Uber devra se doter d'un permis d'intermédiaire en services de transport par taxi. La multinationale aura la responsabilité de s'assurer que ses chauffeurs sont titulaires d'un permis de classe 4C et détiennent les assurances nécessaires, de vérifier leurs antécédents judiciaires, que les véhicules sont immatriculés et identifiés correctement et qu'ils ont fait l'objet d'une inspection mécanique.

Les chauffeurs déjà inscrits à Uber au 17 août obtiennent un délai de grâce de 90 jours pour remplir l'ensemble de ces conditions. Les autres doivent s'y soumettre avant de prendre des clients.

Documents mensuels

Chaque mois, Uber devra fournir au ministère des Transports du Québec des documents et des rapports qui démontrent que les obligations de l'entente sont respectées.
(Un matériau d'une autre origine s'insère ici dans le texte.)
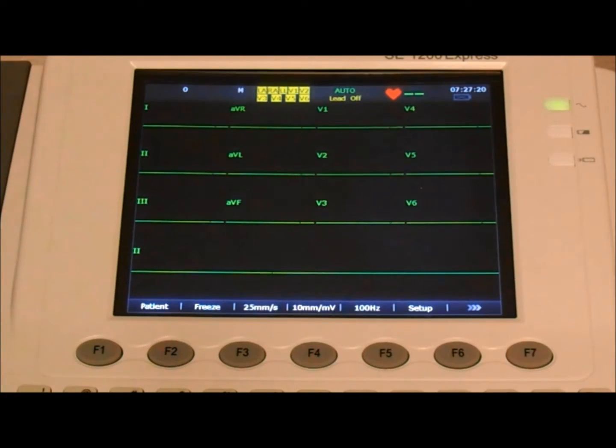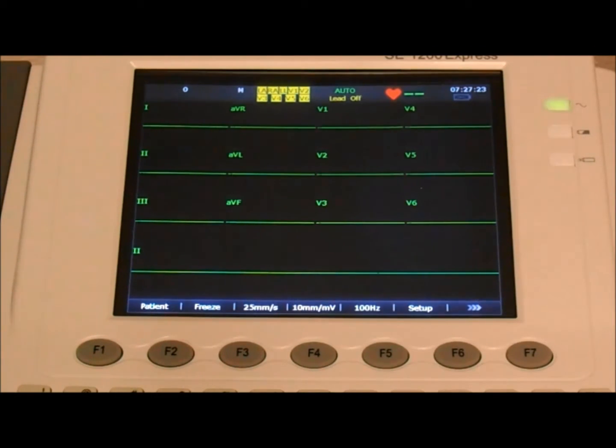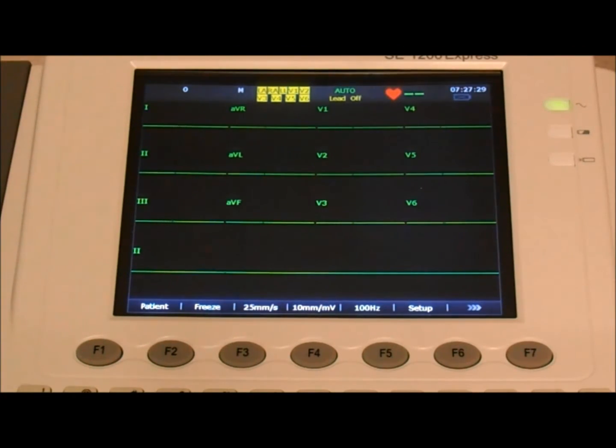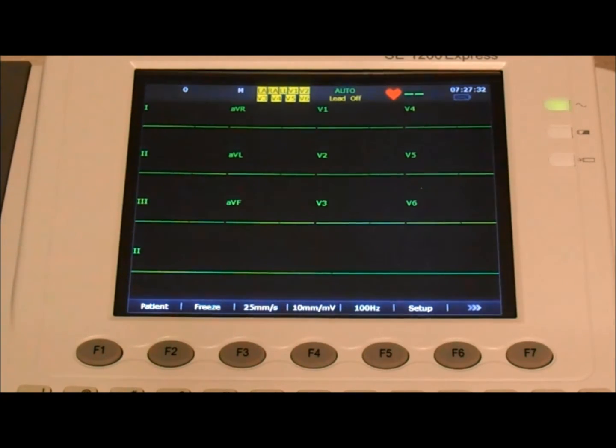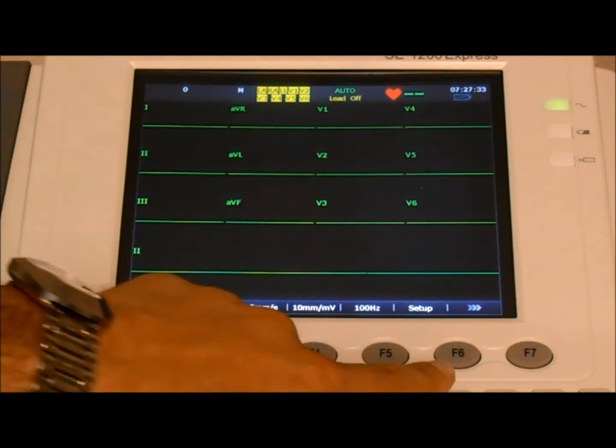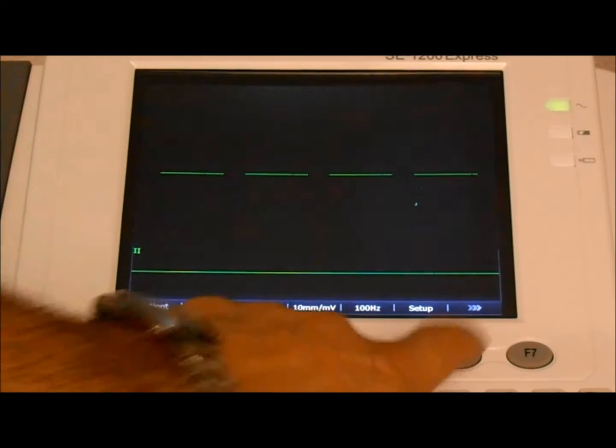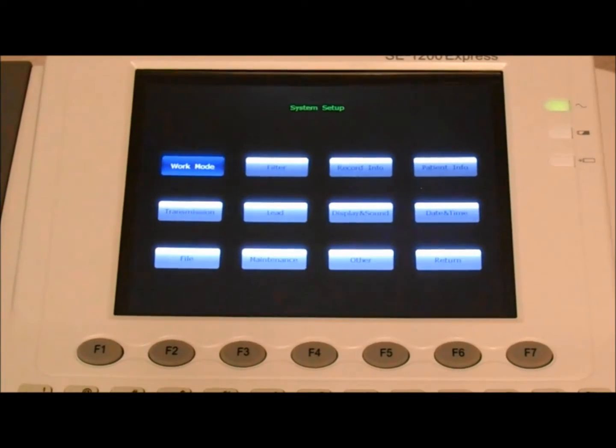This video provides guidance on how to set your EKG system, that is your EDEN EKG system, to perform a 10 second report with interpretation. After you power the ECG, you want to press F6 to enter the system setup.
En plus de la TPS et de la TVQ, les «chauffeurs-partenaires» devront payer 90 ¢ par course pour le premier bloc de 50 000 heures hebdomadaire. Cela augmente à 1,10 $ la course jusqu'à 100000 heures et 1,26 $ jusqu'à 150000 heures. Le tarif minimum de prise en charge est fixé à 3,45 $. Un 7 ¢ la course s'ajoute pour «tenir compte des coûts d'assurance encourus par l'industrie du taxi».

Les titulaires d'un permis de taxi conservent l'exclusivité des courses hélées, dans les postes d'attente, commandées au téléphone, les contrats gouvernementaux et l'accès aux voies réservées.

Uber conserve le droit de moduler ses tarifs lors de «cas de force majeure» sans dépasser 150 % du montant maximal permis aux taxis.

Au cabinet du ministre des Transports, Laurent Lessard, on insiste sur le fait que le projet pilote n'entrera en vigueur que dans 20 jours. L'attaché de presse Mathieu Gaudreault souligne que le ministre ne donne aucune indication aux contrôleurs routiers qu'il juge tout à fait capables d'effectuer leur travail «avec discernement».